As evidence, Rav Ariel says that the Egyptians "have violated all the agreements. They were allowed to bring their forces in the Sinai only up to a certain point, but now the peninsula has turned into one of the largest military bases in the world, with airports, huge weapons stockpiles, ports, bridges over the Suez Canal… Their army can reach Be'er Sheva and Tel Aviv with ease. The agreement is not worth the paper it was printed on. If a war starts tomorrow, they'll have a tremendous advantage. This was a very stupid move on Begin's part – and unfortunately, it is continuing with the other agreements that followed, such as the Oslo Accords."
Rav Ariel sees no point in asking why the struggle against the withdrawal did not succeed: "They came with the whole army and police, with bulldozers and more – so of course citizens cannot overcome them. But the main problem is that there seems to be a loss of ideals. When Yamit was being built, there was a great pioneering spirit, with construction going on all around, and agriculture in the nearby communities, government funding all over… But then, ideals began to be replaced by considerations of money, and destruction in Yesha followed soon after, on hilltop after hilltop in Yesha…"
Q. And still, what can be the light at the end of the tunnel of challenges for the settlement enterprise?
A. Our demographic growth, among the faith-based public, including the hareidim, and the traditionalists, and the nationalists.

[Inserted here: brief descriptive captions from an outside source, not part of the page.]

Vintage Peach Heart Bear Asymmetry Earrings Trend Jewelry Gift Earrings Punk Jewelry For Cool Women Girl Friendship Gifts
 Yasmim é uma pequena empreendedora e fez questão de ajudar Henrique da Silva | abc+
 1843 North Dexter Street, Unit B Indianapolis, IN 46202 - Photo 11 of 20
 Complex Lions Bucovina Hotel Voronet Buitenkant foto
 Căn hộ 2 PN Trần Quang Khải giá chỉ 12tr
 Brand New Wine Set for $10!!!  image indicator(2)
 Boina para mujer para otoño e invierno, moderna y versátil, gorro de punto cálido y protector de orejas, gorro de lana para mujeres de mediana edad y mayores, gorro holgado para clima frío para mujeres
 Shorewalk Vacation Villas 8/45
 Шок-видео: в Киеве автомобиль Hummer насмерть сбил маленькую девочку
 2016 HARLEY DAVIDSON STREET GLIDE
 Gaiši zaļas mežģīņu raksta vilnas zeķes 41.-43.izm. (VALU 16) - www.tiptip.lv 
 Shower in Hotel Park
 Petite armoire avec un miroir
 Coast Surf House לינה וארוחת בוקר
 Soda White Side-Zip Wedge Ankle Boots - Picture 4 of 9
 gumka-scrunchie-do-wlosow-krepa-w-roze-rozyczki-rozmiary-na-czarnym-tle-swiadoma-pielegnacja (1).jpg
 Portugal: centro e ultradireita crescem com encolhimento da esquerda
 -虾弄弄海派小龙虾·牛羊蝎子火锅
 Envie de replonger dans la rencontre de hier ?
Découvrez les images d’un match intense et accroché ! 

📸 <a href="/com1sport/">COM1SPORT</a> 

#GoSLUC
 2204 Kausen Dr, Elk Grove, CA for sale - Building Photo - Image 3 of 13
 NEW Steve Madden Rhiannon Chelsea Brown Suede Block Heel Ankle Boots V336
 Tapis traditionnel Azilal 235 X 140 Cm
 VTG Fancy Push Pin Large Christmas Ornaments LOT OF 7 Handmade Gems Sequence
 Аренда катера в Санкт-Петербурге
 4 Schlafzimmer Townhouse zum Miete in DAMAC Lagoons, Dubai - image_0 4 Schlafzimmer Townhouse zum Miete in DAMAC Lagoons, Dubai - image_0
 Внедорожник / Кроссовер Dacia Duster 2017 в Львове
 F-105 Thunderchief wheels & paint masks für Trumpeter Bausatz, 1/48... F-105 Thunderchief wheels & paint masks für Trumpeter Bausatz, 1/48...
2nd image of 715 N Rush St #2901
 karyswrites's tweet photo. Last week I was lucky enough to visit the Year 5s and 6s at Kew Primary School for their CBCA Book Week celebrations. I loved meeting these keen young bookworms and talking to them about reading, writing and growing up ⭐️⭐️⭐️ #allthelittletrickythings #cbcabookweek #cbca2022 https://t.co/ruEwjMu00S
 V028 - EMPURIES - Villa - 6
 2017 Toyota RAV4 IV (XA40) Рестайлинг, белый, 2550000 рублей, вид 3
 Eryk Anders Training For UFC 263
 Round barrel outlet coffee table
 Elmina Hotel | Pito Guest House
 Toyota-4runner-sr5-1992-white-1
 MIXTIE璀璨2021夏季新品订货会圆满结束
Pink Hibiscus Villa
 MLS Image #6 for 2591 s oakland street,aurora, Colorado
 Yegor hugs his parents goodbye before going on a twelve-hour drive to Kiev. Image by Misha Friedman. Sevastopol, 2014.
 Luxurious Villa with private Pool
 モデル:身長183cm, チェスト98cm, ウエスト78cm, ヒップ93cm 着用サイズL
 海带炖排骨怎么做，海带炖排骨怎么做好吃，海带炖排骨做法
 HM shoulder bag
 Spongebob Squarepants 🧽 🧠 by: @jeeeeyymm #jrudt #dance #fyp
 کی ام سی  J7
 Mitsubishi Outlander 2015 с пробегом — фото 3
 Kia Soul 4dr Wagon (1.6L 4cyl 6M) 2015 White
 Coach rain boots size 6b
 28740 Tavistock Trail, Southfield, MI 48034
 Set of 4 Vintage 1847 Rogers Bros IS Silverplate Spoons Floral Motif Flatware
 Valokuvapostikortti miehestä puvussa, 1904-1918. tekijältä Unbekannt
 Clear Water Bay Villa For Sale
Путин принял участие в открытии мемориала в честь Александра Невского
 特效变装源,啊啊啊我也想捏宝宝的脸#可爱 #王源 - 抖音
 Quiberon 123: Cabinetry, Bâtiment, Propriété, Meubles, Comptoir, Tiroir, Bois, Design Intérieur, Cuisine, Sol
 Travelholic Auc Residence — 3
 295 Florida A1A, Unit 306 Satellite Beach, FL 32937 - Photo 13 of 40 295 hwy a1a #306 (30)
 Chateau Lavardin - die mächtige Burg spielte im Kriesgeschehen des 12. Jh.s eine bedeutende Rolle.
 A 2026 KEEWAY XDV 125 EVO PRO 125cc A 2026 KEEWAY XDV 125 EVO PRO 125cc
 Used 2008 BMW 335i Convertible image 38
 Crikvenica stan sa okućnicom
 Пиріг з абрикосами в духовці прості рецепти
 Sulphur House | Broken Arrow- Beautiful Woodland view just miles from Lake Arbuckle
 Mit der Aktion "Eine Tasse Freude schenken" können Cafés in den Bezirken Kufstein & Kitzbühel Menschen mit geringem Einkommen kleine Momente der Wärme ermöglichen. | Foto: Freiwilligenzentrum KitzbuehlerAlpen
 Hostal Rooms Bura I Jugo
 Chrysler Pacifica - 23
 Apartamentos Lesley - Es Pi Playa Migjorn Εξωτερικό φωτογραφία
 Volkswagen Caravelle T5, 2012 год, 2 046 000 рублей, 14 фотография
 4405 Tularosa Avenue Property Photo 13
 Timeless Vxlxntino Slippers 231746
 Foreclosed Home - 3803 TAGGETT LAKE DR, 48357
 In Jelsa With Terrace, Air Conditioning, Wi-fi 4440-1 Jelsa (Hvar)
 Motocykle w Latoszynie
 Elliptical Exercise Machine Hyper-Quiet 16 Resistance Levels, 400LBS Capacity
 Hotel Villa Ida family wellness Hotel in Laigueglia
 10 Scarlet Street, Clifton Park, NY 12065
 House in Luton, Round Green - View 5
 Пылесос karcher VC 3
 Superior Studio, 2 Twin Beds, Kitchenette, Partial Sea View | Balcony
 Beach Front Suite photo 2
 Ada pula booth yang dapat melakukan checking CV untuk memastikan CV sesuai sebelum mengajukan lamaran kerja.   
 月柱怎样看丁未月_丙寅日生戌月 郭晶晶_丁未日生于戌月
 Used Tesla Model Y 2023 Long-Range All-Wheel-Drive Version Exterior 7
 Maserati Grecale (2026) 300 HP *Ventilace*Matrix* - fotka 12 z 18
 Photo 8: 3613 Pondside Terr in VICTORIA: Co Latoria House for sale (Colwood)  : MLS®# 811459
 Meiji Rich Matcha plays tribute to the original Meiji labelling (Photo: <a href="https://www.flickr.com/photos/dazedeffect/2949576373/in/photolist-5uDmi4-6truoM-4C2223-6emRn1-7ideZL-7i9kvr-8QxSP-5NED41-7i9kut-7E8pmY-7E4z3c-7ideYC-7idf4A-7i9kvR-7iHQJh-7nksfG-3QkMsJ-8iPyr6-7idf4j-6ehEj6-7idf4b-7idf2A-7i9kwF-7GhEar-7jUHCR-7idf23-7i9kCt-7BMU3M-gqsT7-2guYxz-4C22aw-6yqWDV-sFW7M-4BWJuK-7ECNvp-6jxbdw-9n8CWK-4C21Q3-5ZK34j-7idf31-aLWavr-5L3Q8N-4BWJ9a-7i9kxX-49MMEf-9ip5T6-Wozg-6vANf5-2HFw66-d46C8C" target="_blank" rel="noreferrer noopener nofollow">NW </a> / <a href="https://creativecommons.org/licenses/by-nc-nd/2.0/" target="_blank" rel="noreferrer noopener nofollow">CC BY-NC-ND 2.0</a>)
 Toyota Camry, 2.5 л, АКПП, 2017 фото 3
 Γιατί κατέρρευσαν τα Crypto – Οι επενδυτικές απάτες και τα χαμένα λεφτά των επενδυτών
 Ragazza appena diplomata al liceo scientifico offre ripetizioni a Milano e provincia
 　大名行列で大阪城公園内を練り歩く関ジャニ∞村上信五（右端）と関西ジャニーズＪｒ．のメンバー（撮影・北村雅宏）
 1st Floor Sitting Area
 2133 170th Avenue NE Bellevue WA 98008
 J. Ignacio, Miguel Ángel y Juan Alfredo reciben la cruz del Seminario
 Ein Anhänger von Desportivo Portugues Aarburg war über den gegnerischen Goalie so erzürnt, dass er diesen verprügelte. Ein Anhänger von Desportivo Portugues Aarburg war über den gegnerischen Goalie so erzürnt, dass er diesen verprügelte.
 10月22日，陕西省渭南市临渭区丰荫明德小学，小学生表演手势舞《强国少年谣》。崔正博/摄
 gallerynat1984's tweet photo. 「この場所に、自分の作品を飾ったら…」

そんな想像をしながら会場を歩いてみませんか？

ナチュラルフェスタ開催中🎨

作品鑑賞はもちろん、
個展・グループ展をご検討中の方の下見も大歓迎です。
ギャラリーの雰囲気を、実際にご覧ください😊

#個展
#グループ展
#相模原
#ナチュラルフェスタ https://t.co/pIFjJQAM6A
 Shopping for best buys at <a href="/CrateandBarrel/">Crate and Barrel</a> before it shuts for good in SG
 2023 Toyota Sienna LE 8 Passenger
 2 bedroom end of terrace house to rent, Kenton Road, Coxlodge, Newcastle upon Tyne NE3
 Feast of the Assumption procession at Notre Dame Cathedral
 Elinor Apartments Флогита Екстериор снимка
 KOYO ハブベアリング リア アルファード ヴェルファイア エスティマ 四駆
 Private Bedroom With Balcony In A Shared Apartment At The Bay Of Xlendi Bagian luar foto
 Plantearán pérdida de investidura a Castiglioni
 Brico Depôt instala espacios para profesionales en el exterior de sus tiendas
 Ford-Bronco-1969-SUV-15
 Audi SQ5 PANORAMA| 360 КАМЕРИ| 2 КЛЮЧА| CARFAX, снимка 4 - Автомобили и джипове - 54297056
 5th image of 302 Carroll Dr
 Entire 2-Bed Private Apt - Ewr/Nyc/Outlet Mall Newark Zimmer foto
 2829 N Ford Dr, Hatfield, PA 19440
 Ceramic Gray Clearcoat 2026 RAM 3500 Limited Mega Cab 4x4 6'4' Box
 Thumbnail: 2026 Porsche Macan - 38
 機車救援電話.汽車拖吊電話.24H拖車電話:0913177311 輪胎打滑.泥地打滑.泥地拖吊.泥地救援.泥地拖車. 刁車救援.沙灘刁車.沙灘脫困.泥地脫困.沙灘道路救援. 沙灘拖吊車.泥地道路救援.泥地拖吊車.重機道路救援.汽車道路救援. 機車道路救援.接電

We see many more observant Jews in the Knesset than before, and within 20 years there might be a majority – and then they'll be able to pass laws very different than some of those being passed now. My beard is already quite white, and I've seen some great moments, such as the Six Day War liberation of the Temple Mount – in which I took part – after 2,000 years of Exile. We will yet return to every place, but the public has to be ready – and we are making progress. Our public, which used to be tiny, is becoming a significant force. We are in the midst of a process, one that passes through some difficult and painful experiences – but in the end, we will see that it will result in the truth and in a true redemption for our people."